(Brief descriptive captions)
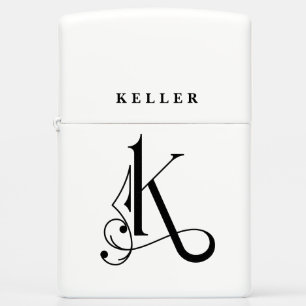 Scroll Typography Monogram Initiaal K Black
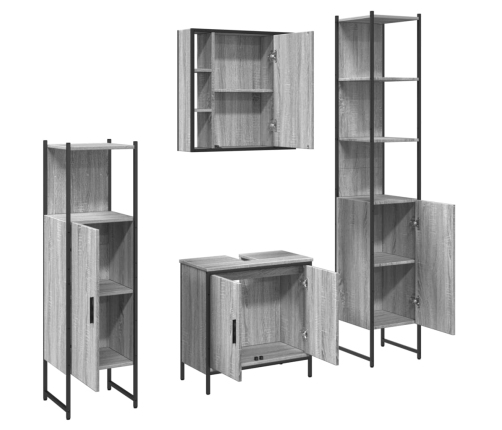 Set de armario de baño 4 pzas madera contrachapada gris sonoma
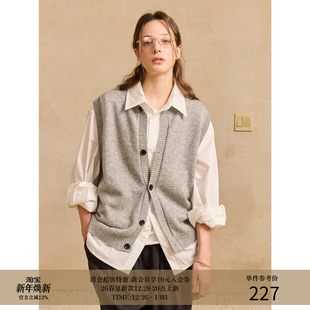 MADE 叠穿开衫 25AW 色织纱线针织 马甲背心 美利奴羊毛混纺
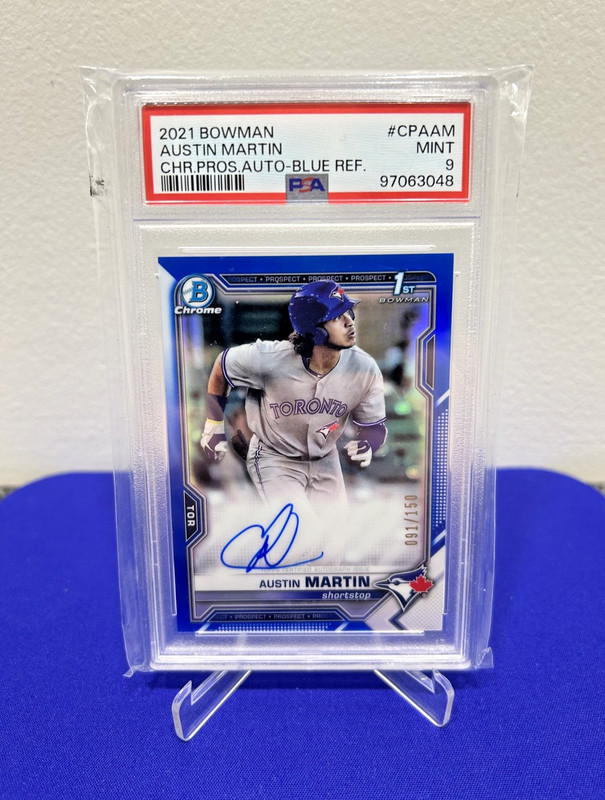 Austin Martin 2021 Bowman Chrome 1st True Blue Refractor Rookie Auto #/150 PSA 9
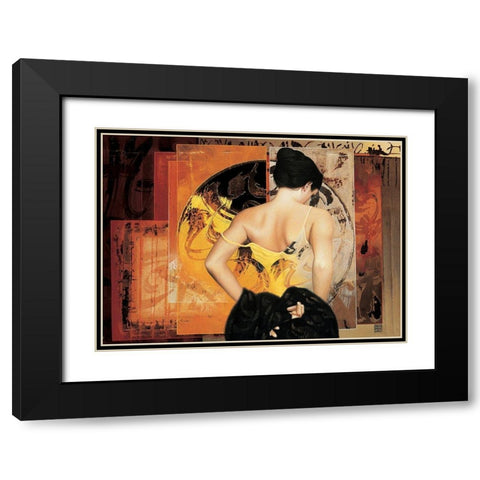 Desir accorde Black Modern Wood Framed Art Print with Double Matting by Graux, David
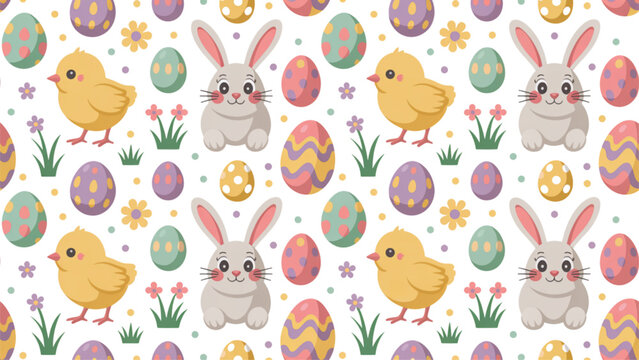 Colorful easter eggs with floral patterns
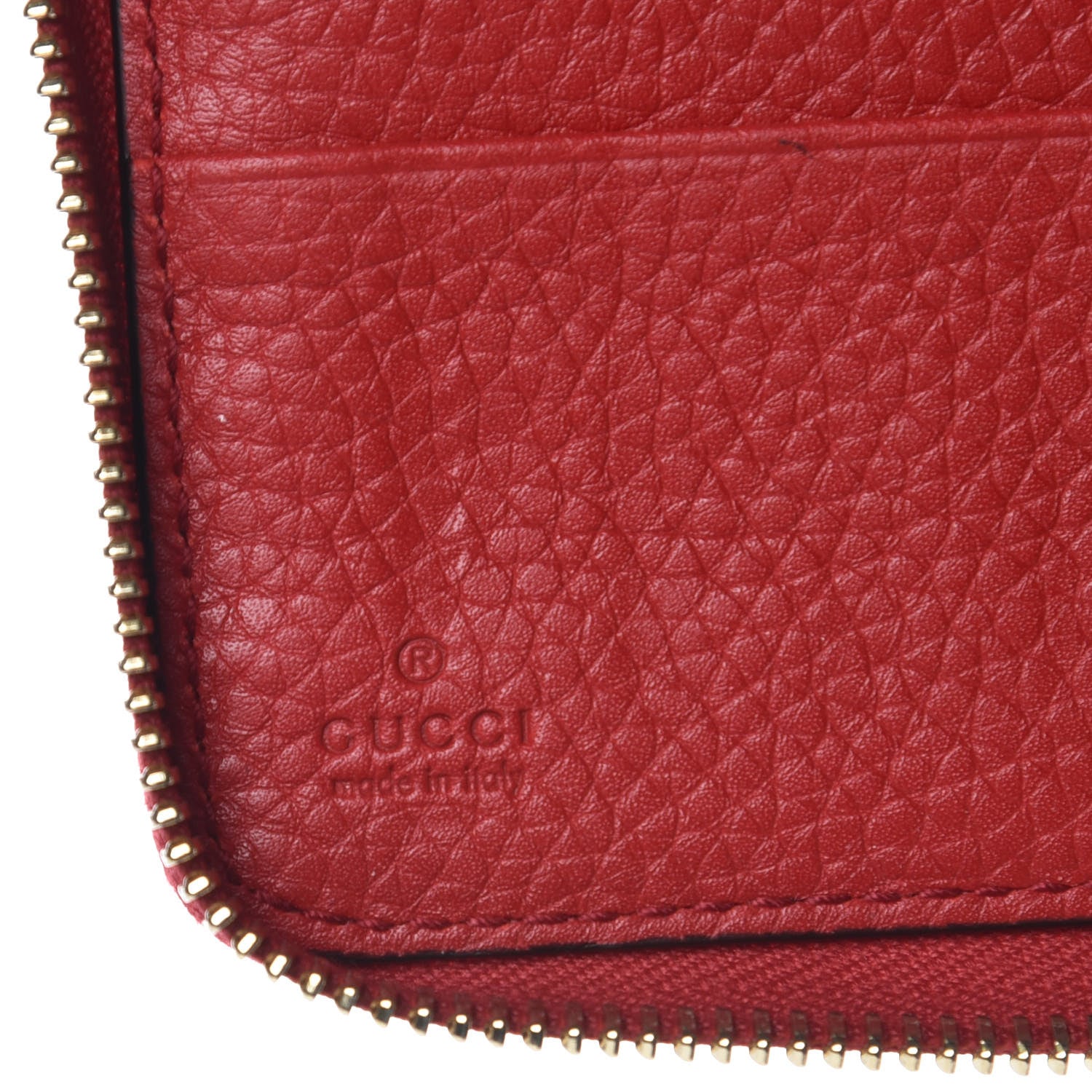 Gucci Pebbled Calfskin Soho Zip Around Wallet Vibrant Red 6 of 8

• [Directions]: All the lines above are to be given again exactly as they read, with the pictures removed.

• [Reply]:
 Scroll Typography Monogram Initiaal K Black
 Set de armario de baño 4 pzas madera contrachapada gris sonoma
 MADE 叠穿开衫 25AW 色织纱线针织 马甲背心 美利奴羊毛混纺
 Austin Martin 2021 Bowman Chrome 1st True Blue Refractor Rookie Auto #/150 PSA 9
 Desir accorde Black Modern Wood Framed Art Print with Double Matting by Graux, David
 Colorful easter eggs with floral patterns
 Gucci Pebbled Calfskin Soho Zip Around Wallet Vibrant Red 6 of 8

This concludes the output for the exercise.